Abstract

A register of adult patients from Salford, England (population 150,000) who came into any form of special psychiatric care was maintained from 1959 to 1963. — Those seeking psychiatric care for the first time in their lives were classed as inceptions (1,945 cases). — Inception rates were calculated for the population at risk. The effects of sex, age, marital state and social class were considered for all cases and for those in specific diagnostic categories. — Considering all categories of mental illness, women had higher rates than men, but only up to the 60's. Both sexes showed an early peak in the 30's then a decline, followed by a rise beginning in the 60's and climbing steeply at older ages. The married had lower rates of inceptions than did the single, widowed or divorced.
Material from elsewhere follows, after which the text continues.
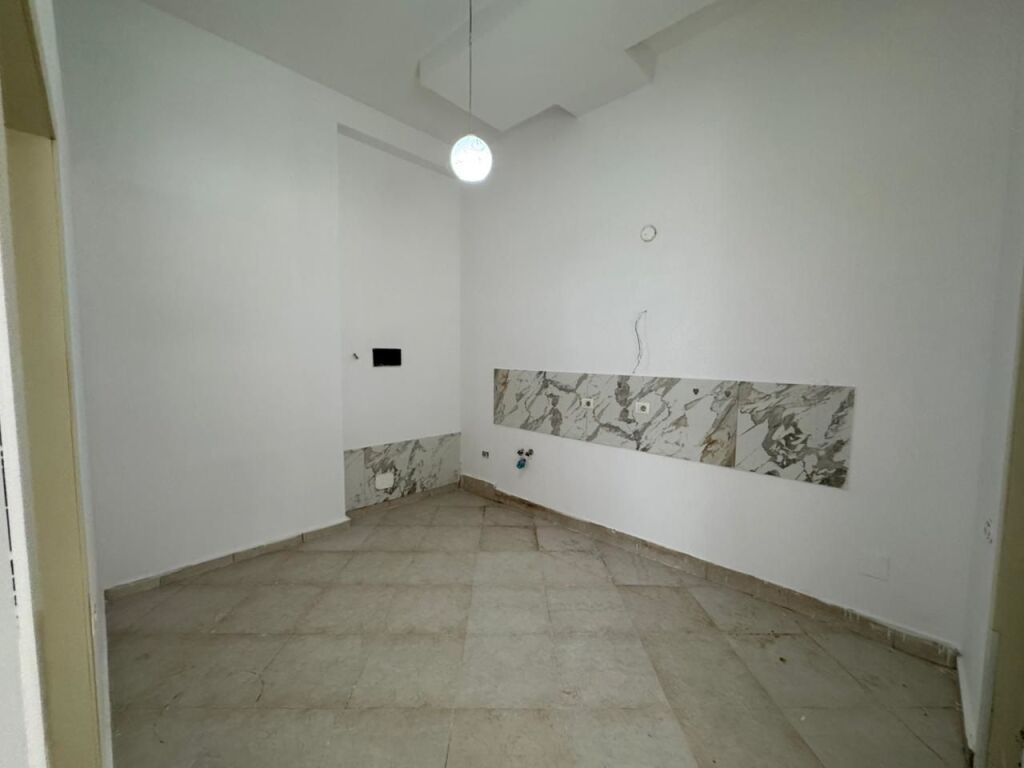 Shitje | Ambjent Biznesi | Astir | 135000 €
Persons in the unskilled manual labourer class had higher rates than other occupational categories. — Schizophrenia, as expected, had higher rates among the young, among men, among the single, and among the unskilled. — Depressive psychosis was nearly twice as common in women as in men. Although the married had the lowest rates of depressive psychosis among marital categories, the differences were not as marked as for schizophrenia, nor were the differences in rates for the social classes remarkable. Nothing to suggest the existence of involutional melancholia was found in the inception rates. Attention is drawn to the bimodal age curve for depressive psychosis, and its possible implications for the definition of the syndrome and its causes. — Psychoneurosis was the largest diagnostic category up to 40 years in both sexes, and then declined in numbers. Women, and especially single women, had higher rates than men. No social class variation in psychoneurosis was discovered. — Epidemiological features of psychopathy, addictive disorders, senile psychosis, organic disorders and epilepsy are also presented. — Comparisons are made with Lundby, Sweden and New Haven, Connecticut. The Salford rates fall between these two. — The age distributions of inceptions of schizophrenia and psychoneurosis are compared with that of Huntington's chorea. The resemblance is great, and these data therefore provoke serious consideration of the existence of genetic susceptibility to schizophrenia and psychoneurosis, although there are good reasons for seeking multiple causes including social causes.